▸ **WHAT THE TASK REQUIRES**
Repeat the records. Leave nothing out.

[Opening SOURCE MATERIAL section]

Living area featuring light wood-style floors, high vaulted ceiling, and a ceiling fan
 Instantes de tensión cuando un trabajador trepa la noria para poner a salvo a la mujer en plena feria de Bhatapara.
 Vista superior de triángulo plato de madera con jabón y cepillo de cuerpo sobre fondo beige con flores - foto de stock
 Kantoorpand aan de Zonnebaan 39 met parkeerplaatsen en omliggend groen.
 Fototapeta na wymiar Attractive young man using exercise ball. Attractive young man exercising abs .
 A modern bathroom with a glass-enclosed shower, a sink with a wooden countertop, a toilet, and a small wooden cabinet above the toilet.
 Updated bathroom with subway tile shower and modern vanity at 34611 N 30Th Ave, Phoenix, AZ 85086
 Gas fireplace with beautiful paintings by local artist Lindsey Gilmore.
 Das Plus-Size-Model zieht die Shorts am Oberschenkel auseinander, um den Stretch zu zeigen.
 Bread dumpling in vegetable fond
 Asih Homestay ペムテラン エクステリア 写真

[Closing SOURCE MATERIAL section]

▸ **RESULT OF THIS EXERCISE**
Living area featuring light wood-style floors, high vaulted ceiling, and a ceiling fan
 Instantes de tensión cuando un trabajador trepa la noria para poner a salvo a la mujer en plena feria de Bhatapara.
 Vista superior de triángulo plato de madera con jabón y cepillo de cuerpo sobre fondo beige con flores - foto de stock
 Kantoorpand aan de Zonnebaan 39 met parkeerplaatsen en omliggend groen.
 Fototapeta na wymiar Attractive young man using exercise ball. Attractive young man exercising abs .
 A modern bathroom with a glass-enclosed shower, a sink with a wooden countertop, a toilet, and a small wooden cabinet above the toilet.
 Updated bathroom with subway tile shower and modern vanity at 34611 N 30Th Ave, Phoenix, AZ 85086
 Gas fireplace with beautiful paintings by local artist Lindsey Gilmore.
 Das Plus-Size-Model zieht die Shorts am Oberschenkel auseinander, um den Stretch zu zeigen.
 Bread dumpling in vegetable fond
 Asih Homestay ペムテラン エクステリア 写真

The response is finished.